Homosexual relationships are portrayed as acceptable, if rare. The Zelandonii religious order features at least one homosexual male with a male partner. A Mamutoi clan leader is openly bisexual. Many shamans are also portrayed as what would now be called third gender or non-binary, along with Mamut's mention of a Sungaea who in our modern terms is a trans woman.

== Reception ==
The Earth's Children series has sold 48 million copies worldwide as of 2025, with The Clan of the Cave Bear selling six million in North America. It has also received the following accolades:

- The Clan of the Cave Bear - National Book Award Finalist for First Novel (1981)
- The Shelters of Stone - Publieksprijs voor het Nederlandse Boek Nominee (2002)

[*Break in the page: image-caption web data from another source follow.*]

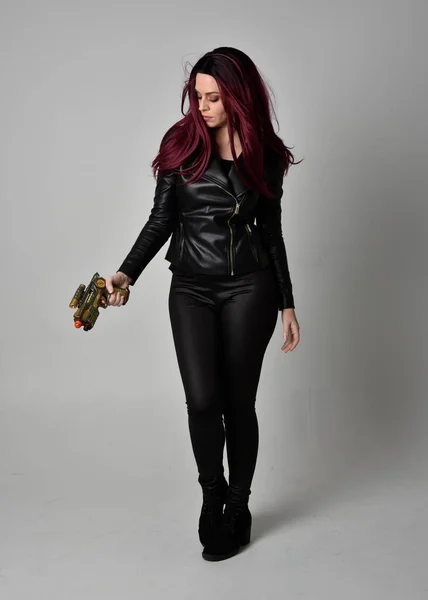 黒革のジャケット パンツやブーツを身に着けている赤い髪を持つ女の子の完全な長さの肖像画 灰色のスタジオの背景に隔離された銃を保持する立ちポーズ — ストック写真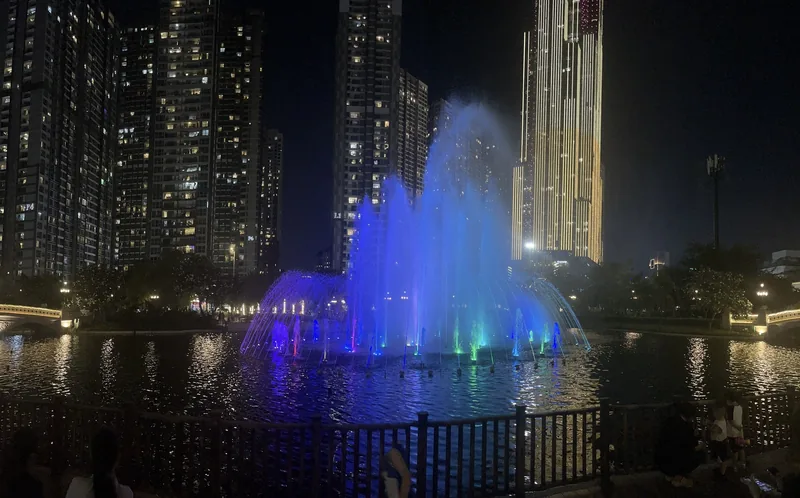 A blue-lit musical fountain glows on the lake at Vinhomes Central Park with high-rise towers behind it at night in Ho Chi.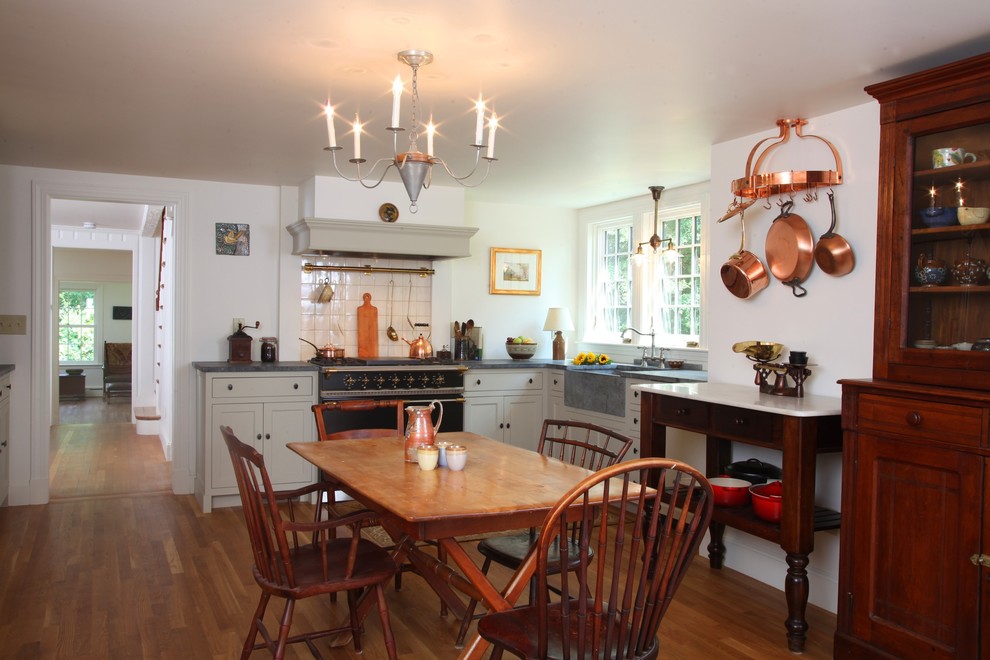 This is an example of a traditional l-shaped eat-in kitchen in Boston with a farmhouse sink, beaded inset cabinets, white cabinets, white splashback, soapstone benchtops, ceramic splashback, black appliances and medium hardwood floors.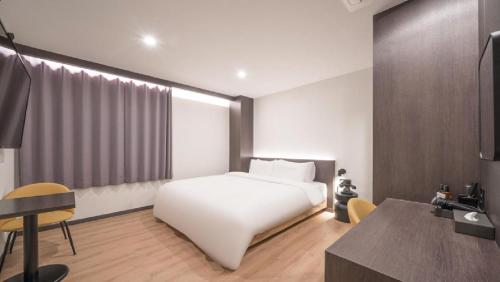 a hotel room with a white bed and a desk at HOTEL lantana in Tudomi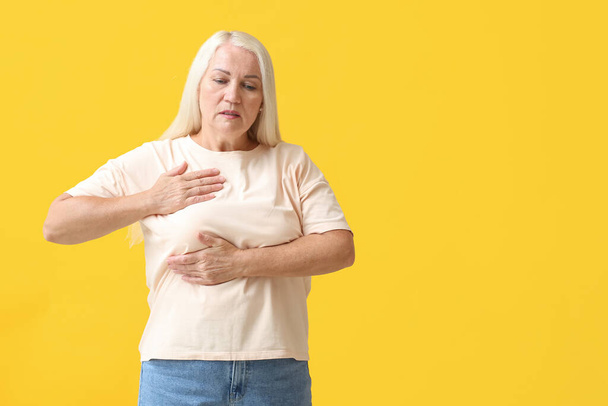 Mature woman suffering from breast pain on yellow background - Photo, image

Despite the above, the Earth's Children series was the nineteenth most banned and challenged book in the United States between 1990 and 1999.

== Adaptations ==
The Clan of the Cave Bear received a 1986 film adaptation from Warner Bros., directed by Michael Chapman and starring Daryl Hannah. A twelve-episode animated series based on Auel's books entered development in November 2025, with Liane-Cho Han's Pilepse Production as the studio.